The Juilliard School is internationally renowned as a leader in performing arts education. Founded in 1905, The school offers undergraduate and graduate degrees in dance, drama and music. Located at Lincoln Center in New York City, Juilliard produces the highest caliber of actors, musicians and dancers in the world. Their mission is to provide the tools for gifted students to reach their fullest potential as leaders, artists and global citizens. There are more than 800 artists enrolled at Juilliard, where they appear in over 700 annual performances in the school’s five theaters.
Juilliard’s multidisciplinary curriculum and multiple performance venues pose an opportunity to create a utilitarian identity system that can unify the Juilliard school divisions and communicate through different applications. Juilliard cultivates a supportive environment for students; collaboration between faculty and classmates is at the core of its curriculum.
The custom Juilliard logotype logo consists of modular forms that have an inherent dynamism. These forms can be applied as a tool to communicate in a number of ways.
The performance calendar, for example, utilizes the rectilinear forms from the logotype to hold content and organize information for digital and print-based uses. The business card is activated on both sides by taking advantage of the logo form and its modularity, expanding from space to space. Also, the logo forms are used for the environmental application as a welcoming visual component for students and faculty as they enter and leave the school’s beautifully designed building by Diller Scofidio + Renfro, FXFOWLE.

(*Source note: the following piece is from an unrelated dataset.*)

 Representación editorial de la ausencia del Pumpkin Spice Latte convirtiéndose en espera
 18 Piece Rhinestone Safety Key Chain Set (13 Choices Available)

The expansion and retraction of graphic forms utilizes compositional arrangements to emphasize spatial cognizance similar to music scores and dance labanotations. The composition of graphic elements defines the area in which it performs like the demarcation between spectator and performer in terms of space. The proposed Juilliard brand identity serves as a communication tool to help students provide clarity to the daily rigors of school life to better adapt to changing environments.